# Wife With Dissolving Relationship



## MommaGizz (Dec 3, 2010)

My husband and I have been married for 2 1/2 years, though we have known each other for 7. I was 16 when we met and he was 20, and he was my first boyfriend/relationship. We had a troubling beginning. We parted ways after 9 months, then found each other years later where we fell back in love (the sappy puppy dog kind). Sex was frequent and we were inseperable. After 6 months, I got pregnant with our son. Sex during pregnancy eventually disappeared as my hormones were all out of whack (I also have thyroid issues which probably exascerbated this issue). There were many times where I would want it from him, but I was very put off because he became very emotionally distant from me. I would also wake up in the middle of the night to find him looking at porn. Our son was born and he took a job where he had to be out of town the majority of the time. When my son was 8 months old, he left this job to be at home with us. He has always had a big sex drive, but I have felt emotionally detached from him since I was pregnant. He says he loves me very much, and he wants sex all the time, but I don't feel a physical connection to him at all. 

Recently a few months back he left for a business trip, and in my depression I checked his social networking and found some very inappropriate messages to a MUCH older woman, someone he had a sexual past with. With more digging, I discovered that these types of inappropriate relationships have been going on since the beginning of our second go-a-round. We went to a Christian counselor, but he soon found excuses as to why we shouldn't go. 
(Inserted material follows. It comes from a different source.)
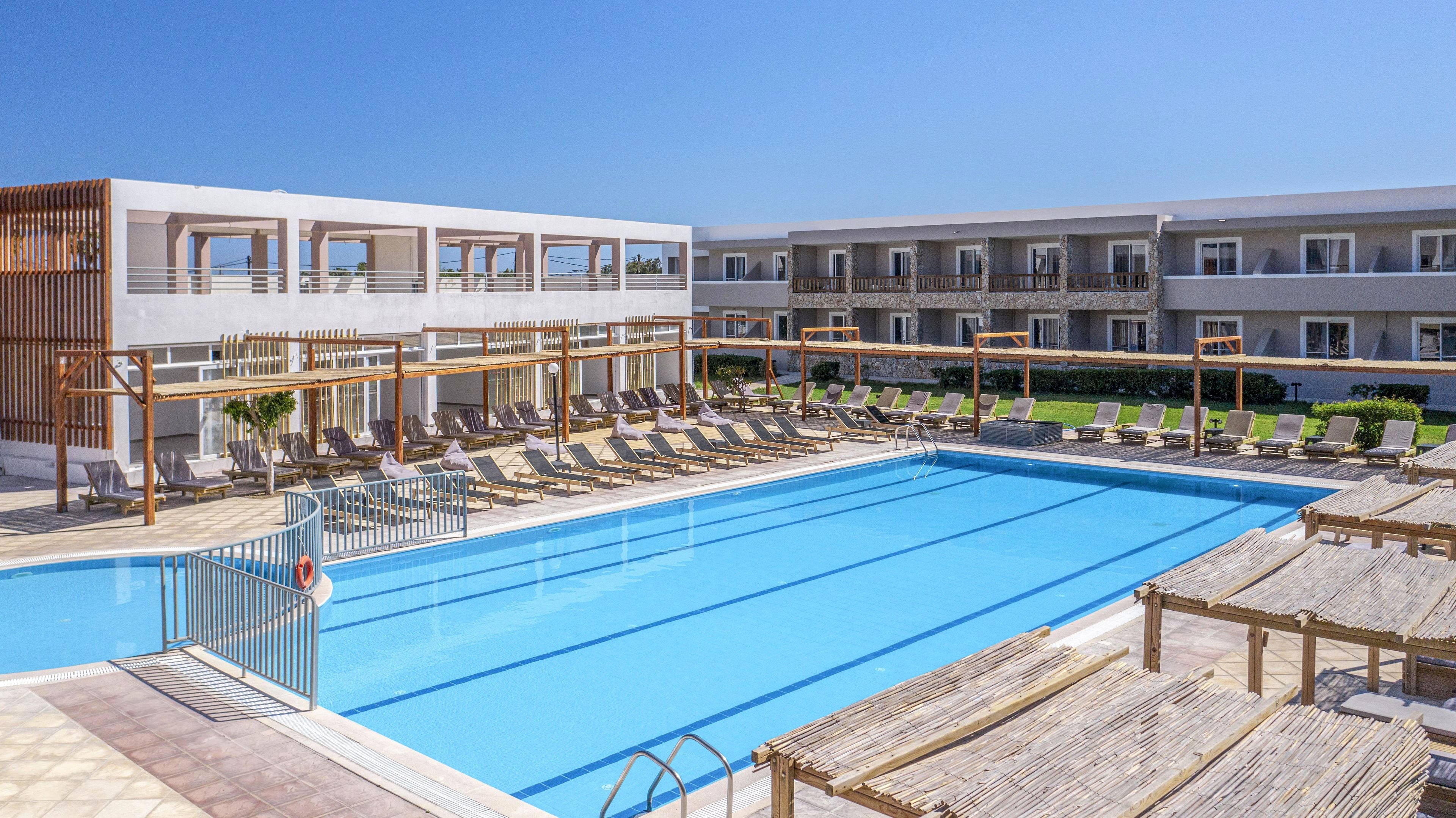 A contemporary resort hotel features a large rectangular outdoor swimming pool surrounded by sun loungers. The setting appears bright and sunny under a clear blue sky, suggesting a warm vacation destination. Two-story white buildings with balconies frame the pool area, while wooden pergolas provide shaded seating. The overall scene conveys relaxation, leisure, and a clean, minimalist architectural style.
We are very outwardly affectionate to each other, and say I Love You 15 million times a day, but I can't seem to get over my mistrust and the hurt from this. Now I find myself questioning everything I know about us. I find myself wondering about whether I made the right choice to marry him. Our marriage is sliding through my fingers, and it's killing me. I really do love him, I just miss the closeness. I want to have sex with him, but I can't stand the thought of being physical with someone who can't open up to me (if that makes sense??). It just feels like now we are staying together for our son.... Can anybody relate to this, or are my hormones just really that screwed up??


----------